Start of Input data

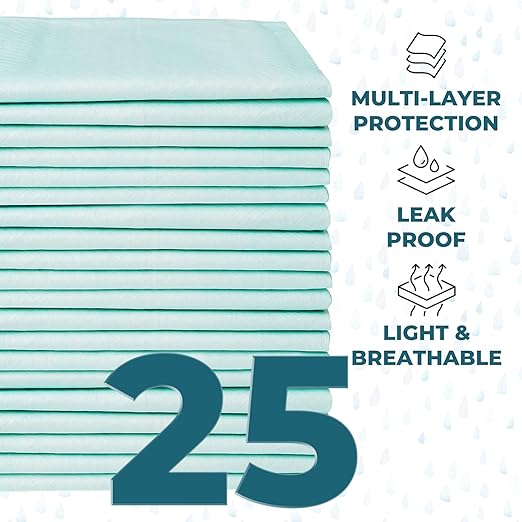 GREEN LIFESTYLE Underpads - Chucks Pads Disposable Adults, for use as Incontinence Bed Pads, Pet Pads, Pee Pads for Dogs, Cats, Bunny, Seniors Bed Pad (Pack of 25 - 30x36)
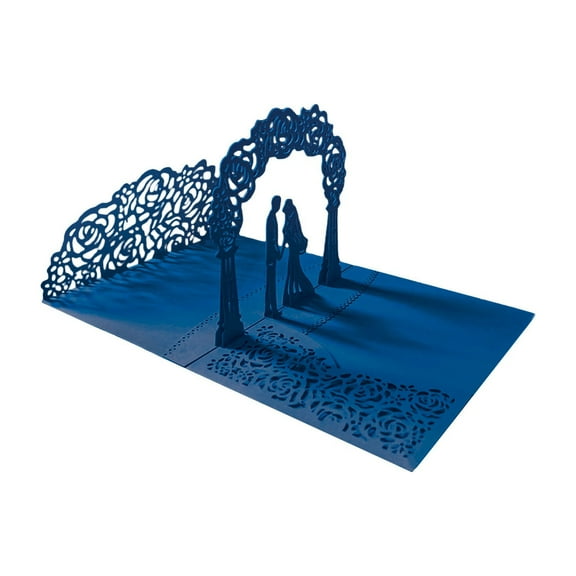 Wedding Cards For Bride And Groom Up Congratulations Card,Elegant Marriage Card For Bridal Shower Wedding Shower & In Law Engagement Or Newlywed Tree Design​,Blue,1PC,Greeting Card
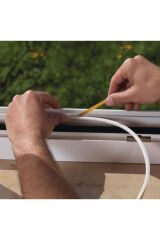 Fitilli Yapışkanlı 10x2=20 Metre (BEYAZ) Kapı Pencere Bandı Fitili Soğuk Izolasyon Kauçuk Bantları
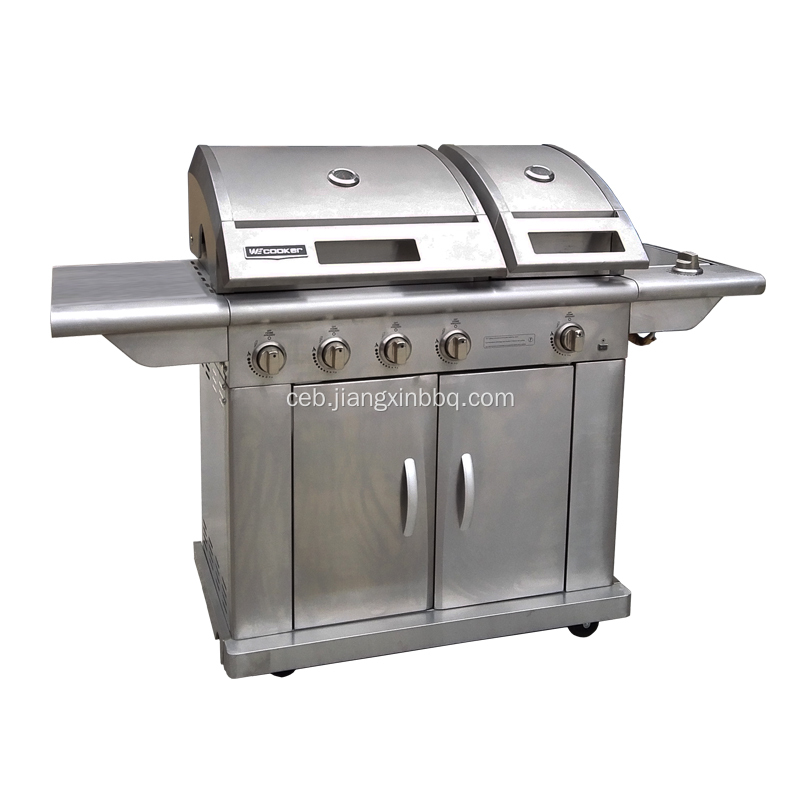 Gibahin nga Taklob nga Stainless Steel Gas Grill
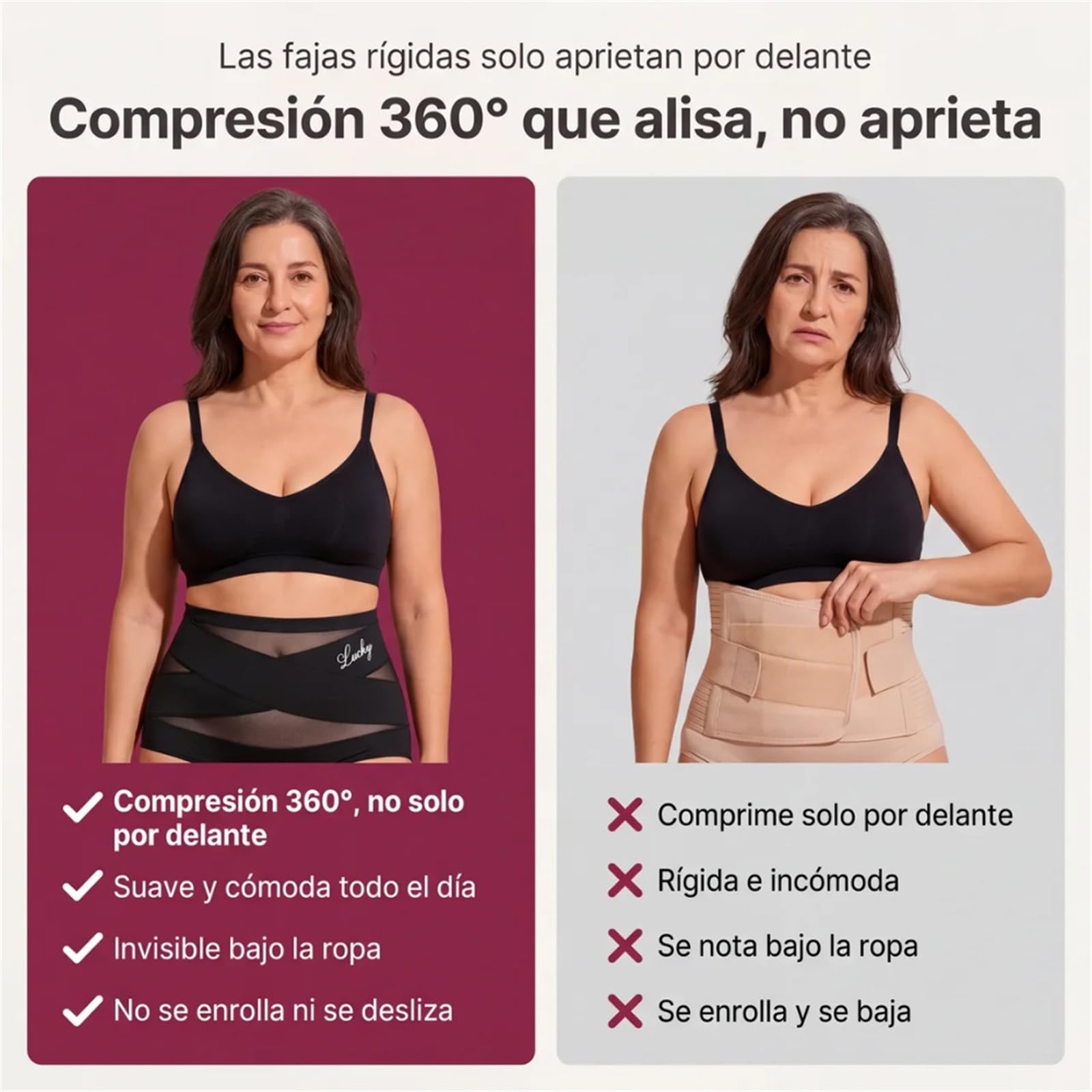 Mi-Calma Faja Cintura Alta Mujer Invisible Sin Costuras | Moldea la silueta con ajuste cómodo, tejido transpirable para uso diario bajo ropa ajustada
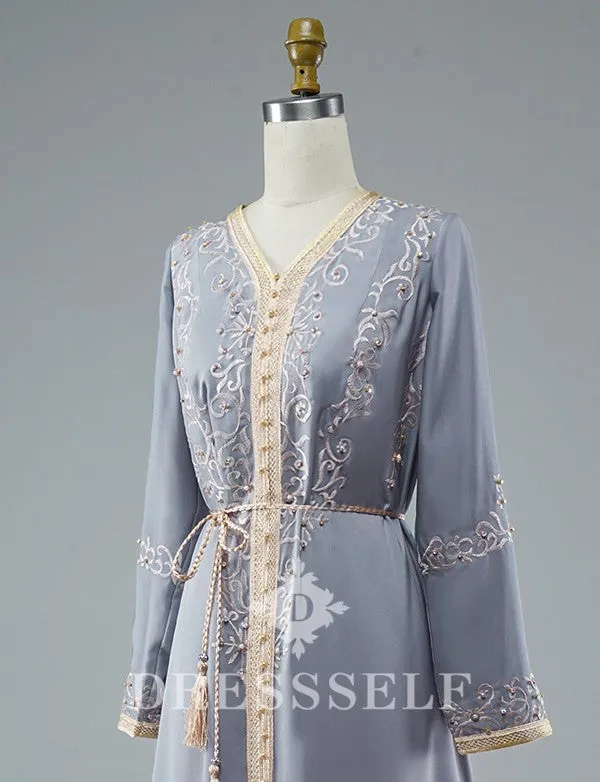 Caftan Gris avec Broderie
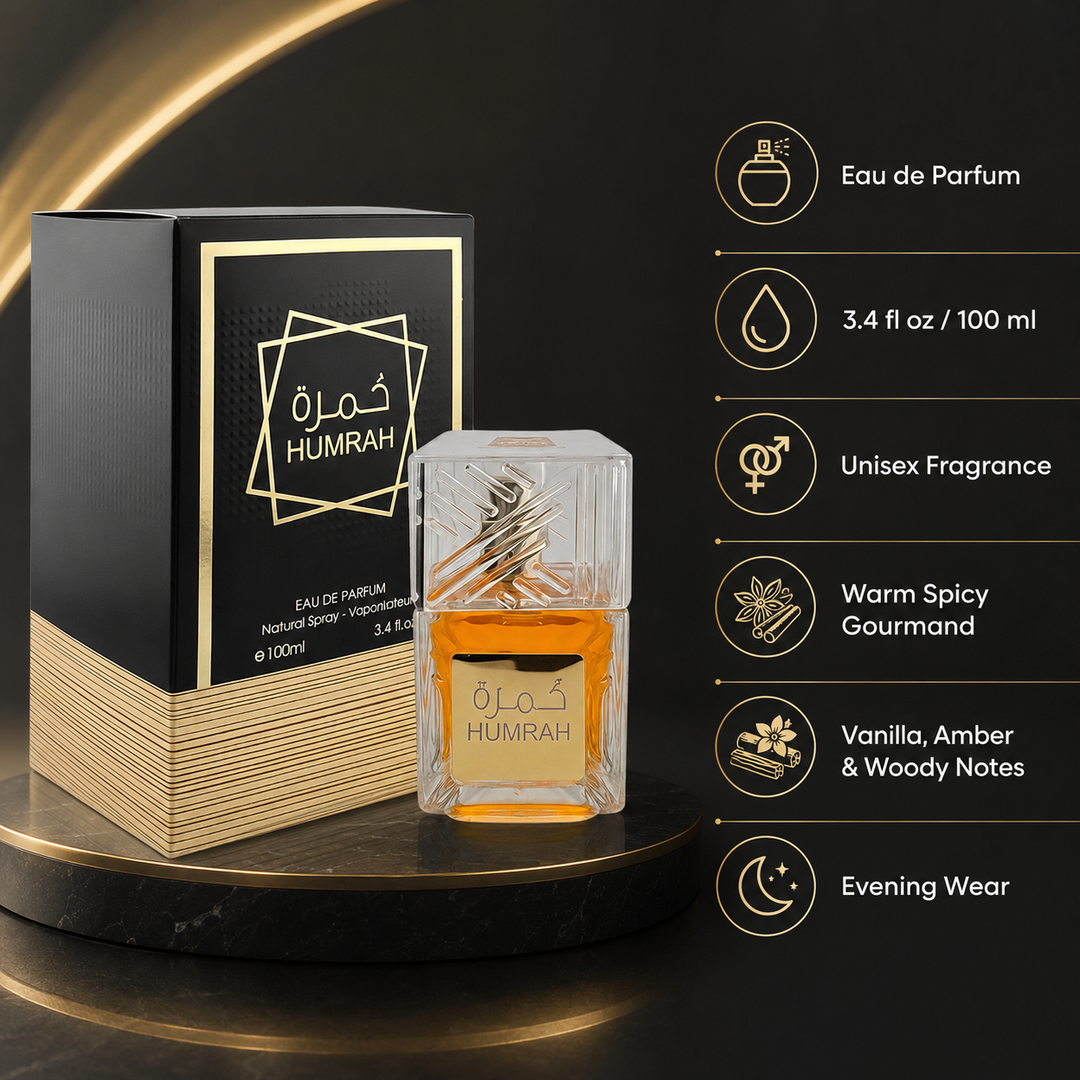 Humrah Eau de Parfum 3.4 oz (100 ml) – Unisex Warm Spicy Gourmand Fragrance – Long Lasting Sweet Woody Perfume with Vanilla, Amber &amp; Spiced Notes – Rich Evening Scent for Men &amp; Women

End of Input data
Start of Input data

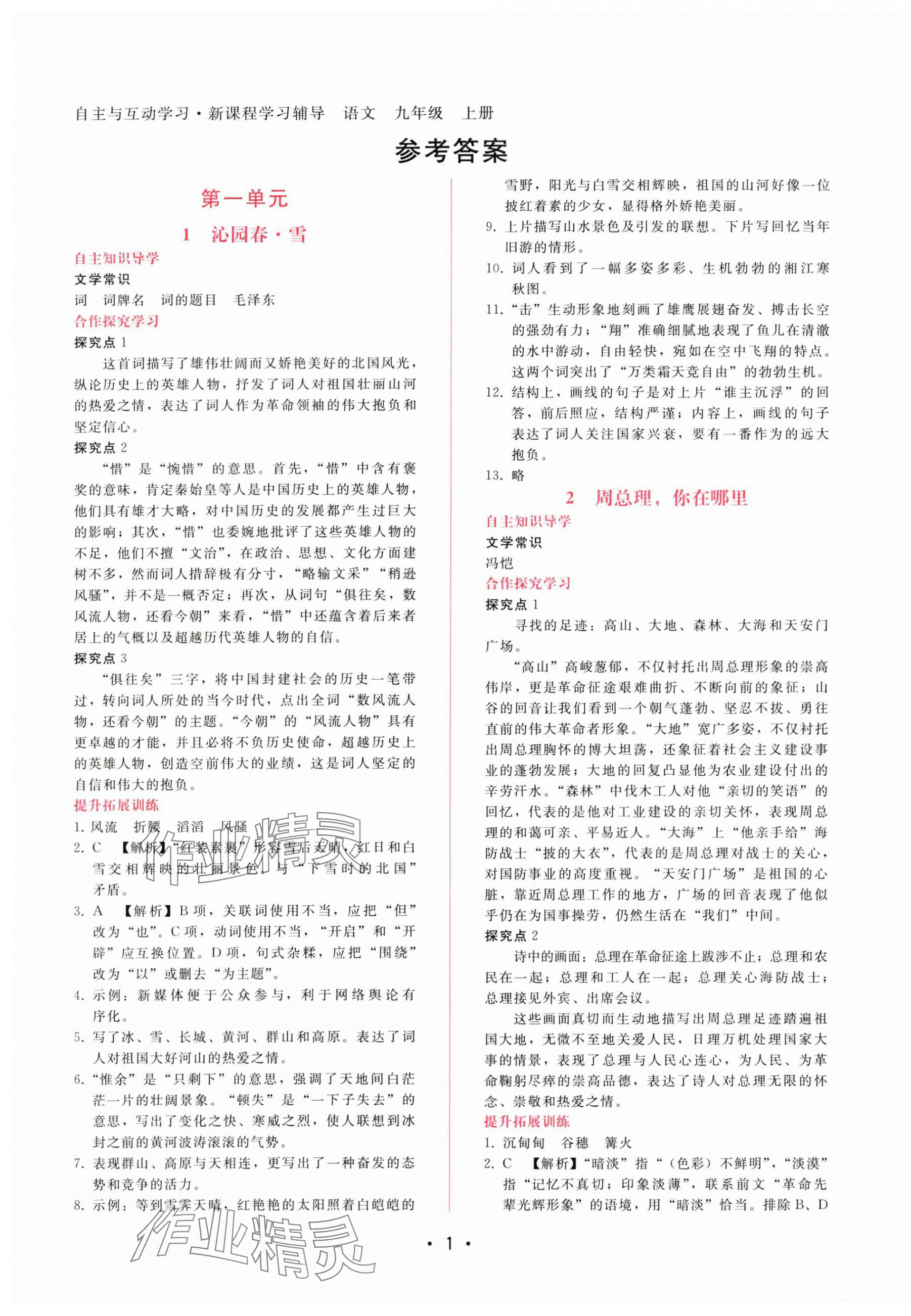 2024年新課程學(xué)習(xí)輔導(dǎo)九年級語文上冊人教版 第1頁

End of Input data

Assigned task:
Copy exactly the material above from the line with "Mi-Calma Faja Cintura" to the line with "Humrah Eau de", ends included, and nothing else. Leave out any picture.

Response to the task:
 Mi-Calma Faja Cintura Alta Mujer Invisible Sin Costuras | Moldea la silueta con ajuste cómodo, tejido transpirable para uso diario bajo ropa ajustada
 Caftan Gris avec Broderie
 Humrah Eau de Parfum 3.4 oz (100 ml) – Unisex Warm Spicy Gourmand Fragrance – Long Lasting Sweet Woody Perfume with Vanilla, Amber &amp; Spiced Notes – Rich Evening Scent for Men &amp; Women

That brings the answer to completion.